Cooking Fish - What Do I Do With the Skin?

I’ve been cooking fish more often recently because I’ve found I like it when it’s made right, it’s good for you, and my kids will eat it. Just did a beer-batter-fried tilapia with red pepper relish and it was a big hit.

But, today when I bought the fish, I got tilapia instead of perch because the perch still had the skin on. I’ve bought skin-on fish before, and if I broil or steam it, it’s easy to get the skin off once it’s cooked. But I wanted to fry it, and you can’t batter and fry fish with the skin on and then expect to get the skin off without ruining the dish. I’ve tried cutting the skin off with a very sharp boning knife and I usually end up wasting about half the thickness of the filet.

Can the skin be left on certain fish? Seems like the skin is where all the “fishy oils” that people don’t like are concentrated. The texture doesn’t look all that appealing either. Maybe everyone eats the skin and I’m just picky, or an idiot. Enlighten me!
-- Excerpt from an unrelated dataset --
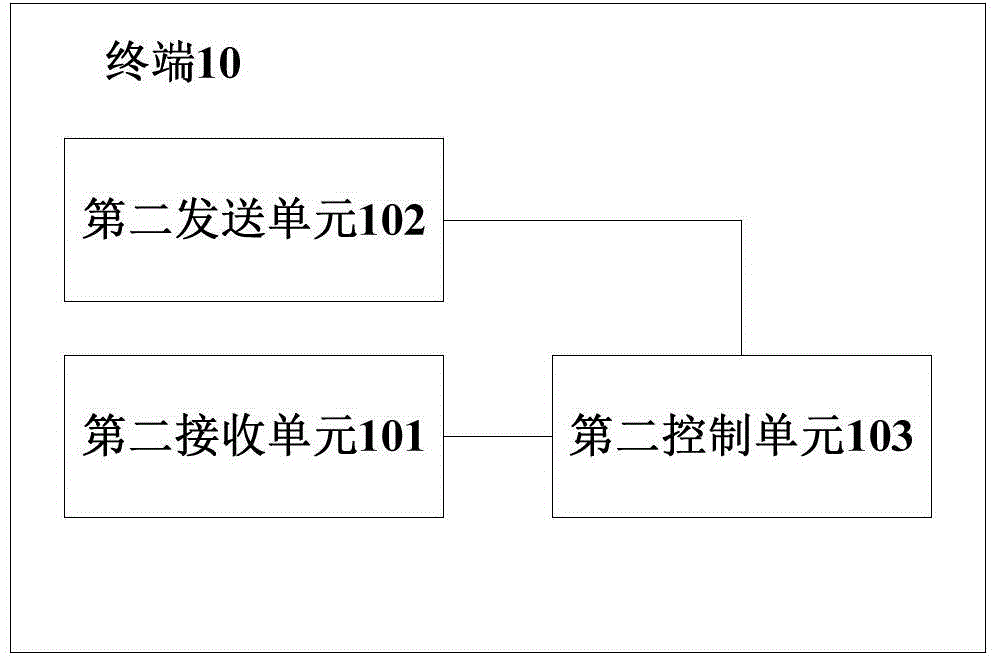 Terminal connection control server and method, terminal and method and system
Most fish, the skin is the fishiest tasting part. Unless I’m gonna char it to a crisp, I usually take the skin off. You just lay it down skinside down, hold the thin end with like a towel or something for friction, and slice parallel to the cutting board with a thin, sharp knife. Inevitably you’ll miss a little meat, but practice will improve your ratio of skin to meat left on the board.
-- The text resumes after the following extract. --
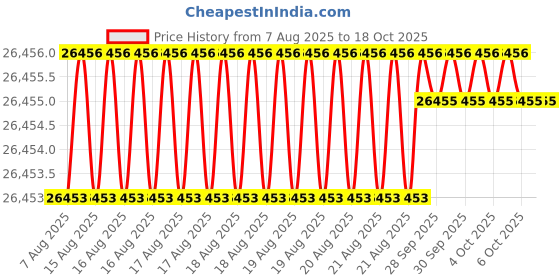 moglix.com Indian Tools Twist Drills Long Series Size 21/32 inch, Flute Length 159mm indian tools Price History Graph from 7 Aug 2025 to 18 Oct 2025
Googling “skin a fish” gets lots of hits, including videos.

What lissener said - get yourself a good flexible filet knife - skin side to the cutting board and push the knife away from you - you’ll find the angle that works for you and you’ll de-skin it quickly.

start at the tail and work torward where the head used to be- that way what little fish you leave behind should be minimal.